MUHAMMADIYAH.OR.ID, YOGYAKARTA — Kesedihan karena tidak dapat melaksanakan ketaatan adalah tanda hati yang hidup dan ciri keimanan yang kuat. Demikian disampaikan Anggota Majelis Tabligh Pimpinan Pusat Muhammadiyah, Feri Septianto, pada Kamis (12/06) di Masjid KH Sudja Yogyakarta.
“Jangan bersedih ketika kita terlewat melakukan kebaikan, meskipun kita sudah berniat dan berusaha, tapi kemampuan kita terbatas,” ujarnya. “Orang beriman akan merasa sedih jika terlewat melakukan ketaatan, seperti salat berjamaah atau membaca Al-Qur’an, karena itu menunjukkan hati mereka masih hidup,” tambahnya.

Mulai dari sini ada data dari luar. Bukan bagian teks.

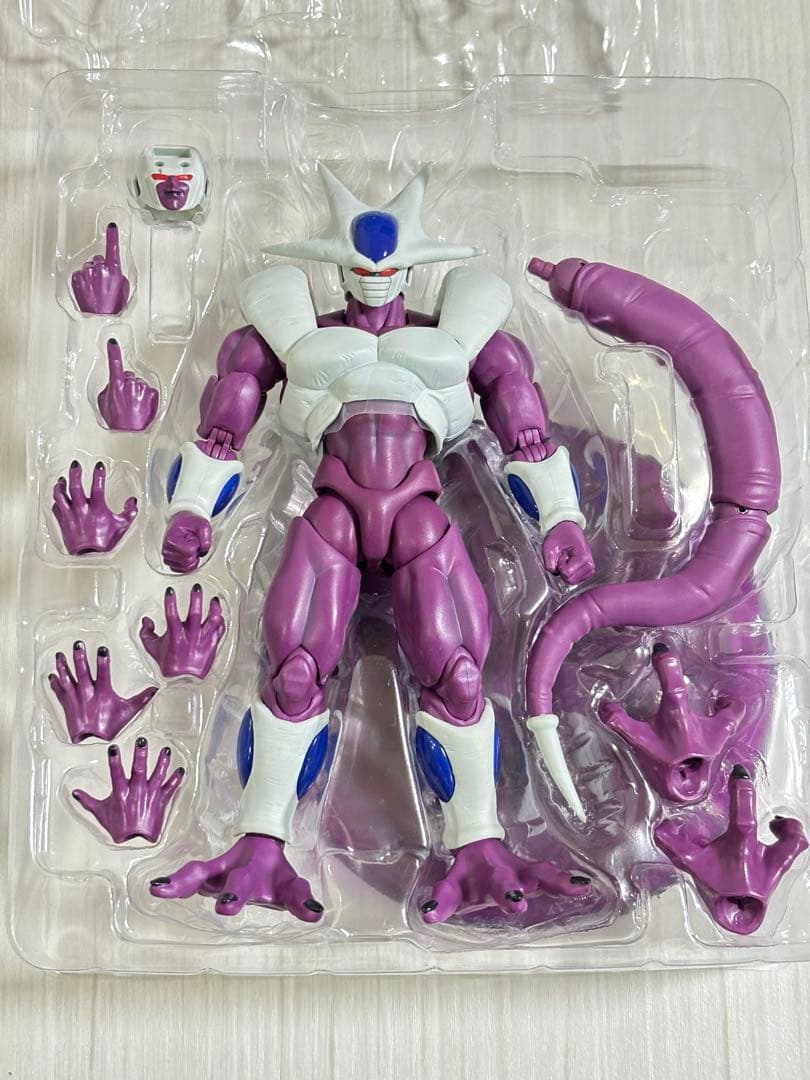 S.H.Figuarts クウラ 最終形態 40周年記念エディション フィギュア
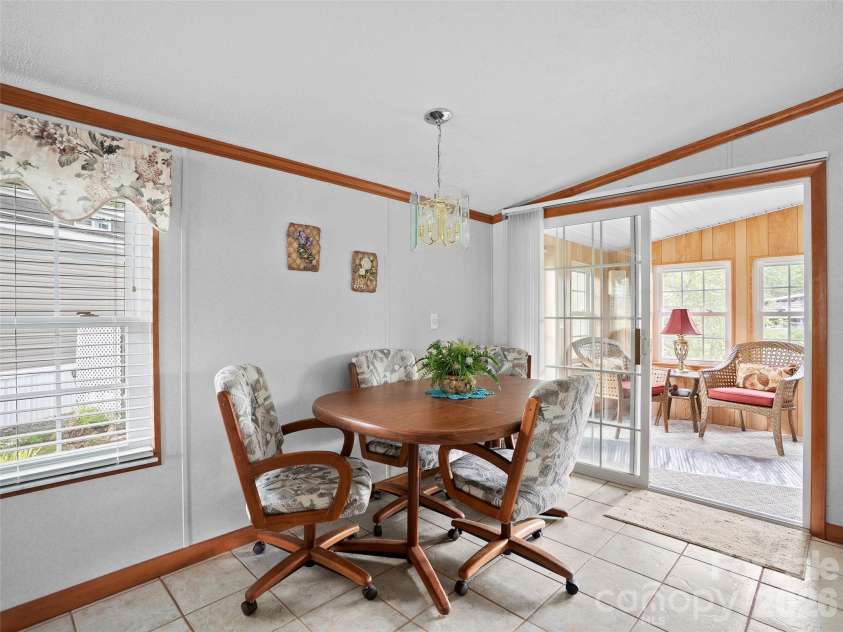 43 Pike Point, Waynesville, NC 28785.  MLS# CAR4399210, YatesRealty ID 8414. 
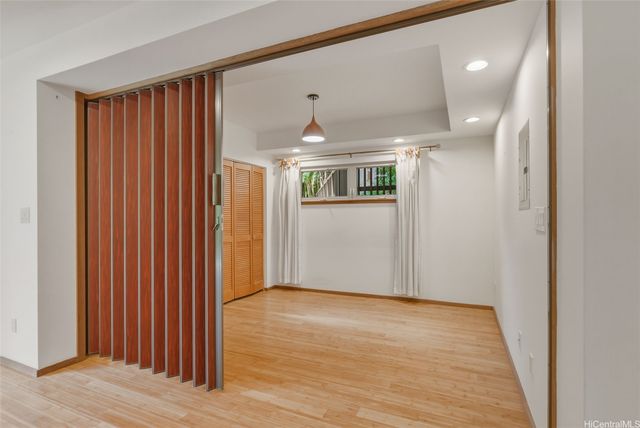 4142 Round Top Drive, Honolulu, HI 96822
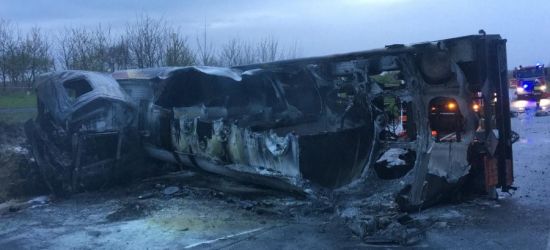 PODKARPACIE: Tragiczny wypadek na obwodnicy. Nie żyje młody mężczyzna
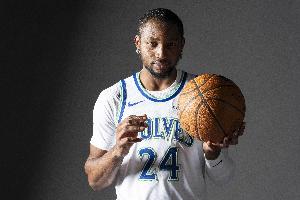 爱德华兹谈库明加：他拿过冠军 会把勇士时期的冠军心态带给我们
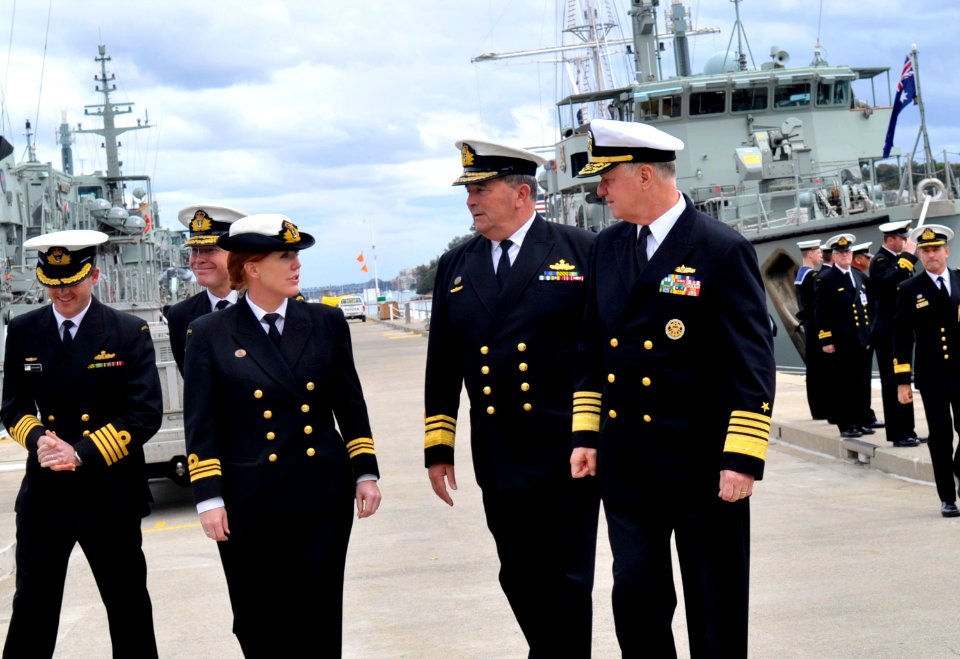 US Navy 101001-N-8273J-152 Vice Adm. Russ Crane, Chief of Navy of the Royal Australian Navy, center, and Chief of Naval Operations (CNO) Adm. Gary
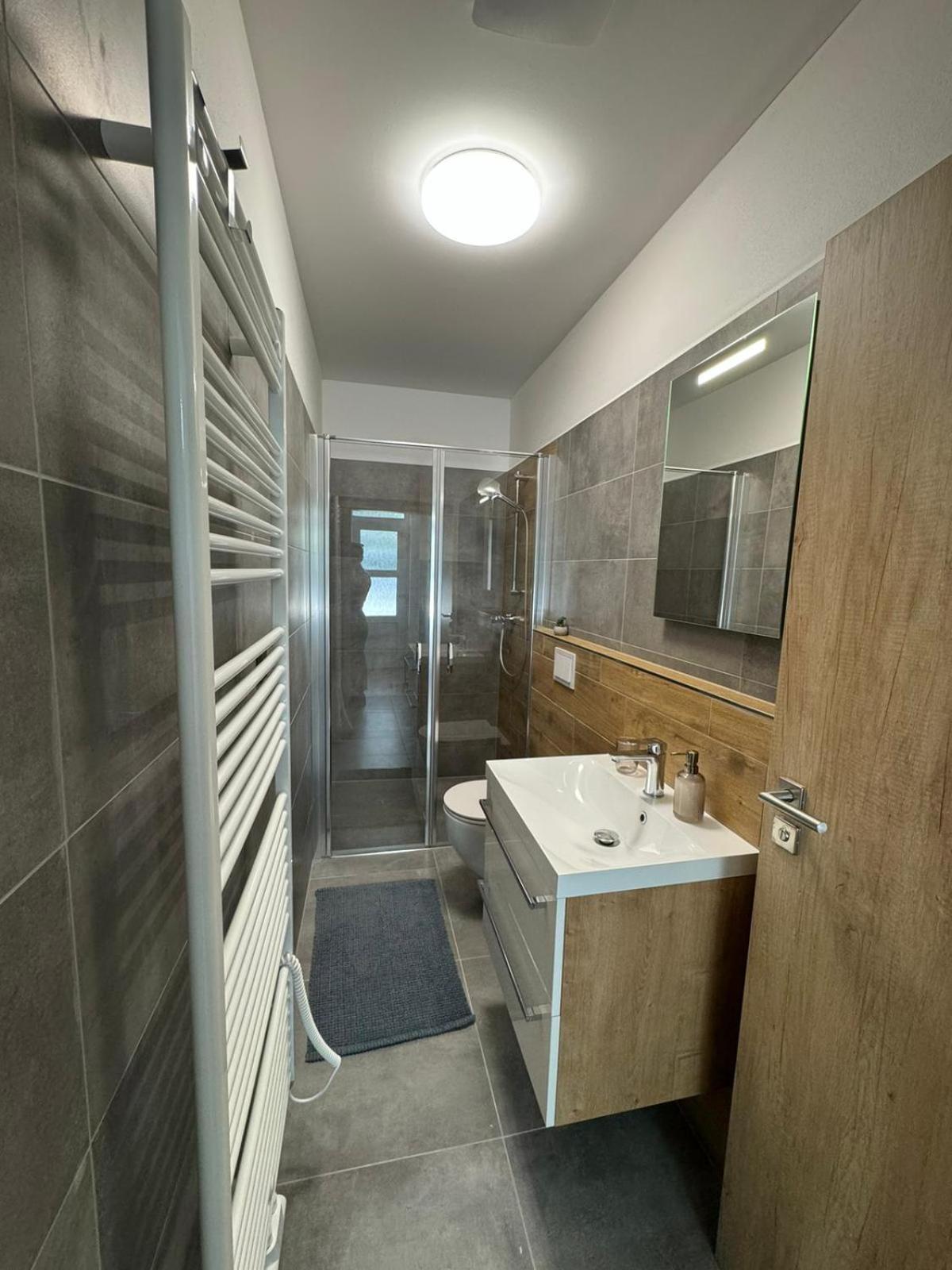 Hobiti Apartman - Sam Rathschlag Zewnętrze zdjęcie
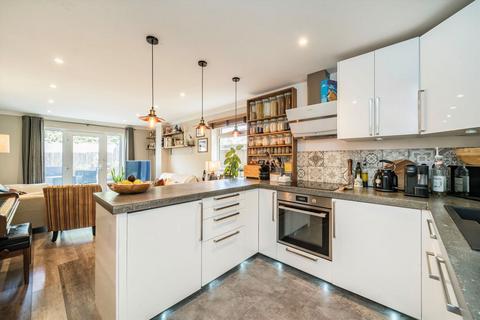 3 bedroom flat for sale, Elmhurst Avenue, Mitcham CR4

Kajian ini mengambil momentum bulan Zulhijah, di mana umat Islam menyaksikan berbagai ibadah mulia seperti salat Iduladha dan penyembelihan hewan kurban. Feri menyoroti makna pengorbanan Nabi Ibrahim, Ismail, dan Hajar, yang menjadi teladan dalam ketaatan dan pengorbanan.
“Ketaatan itu membutuhkan pengorbanan. Ketika kita memiliki rezeki berlimpah, misalnya, kita bisa ikut berkurban, baik sapi maupun unta, untuk berbagi kebahagiaan dengan mereka yang kurang mampu,” paparnya.
Ia menegaskan bahwa Islam mengajarkan kebahagiaan (as-sa’adah) yang merata, bukan hanya untuk segelintir orang, tetapi untuk seluruh umat, baik di dunia maupun akhirat.
Feri juga menyentuh fenomena ibadah haji, yang menjadi salah satu momen paling dirindukan umat Islam. Ia menyebutkan bahwa tahun ini, 1446 Hijriah, beberapa calon jemaah haji menghadapi kendala, terutama karena visa haji furoda tidak dikeluarkan oleh pemerintah Arab Saudi.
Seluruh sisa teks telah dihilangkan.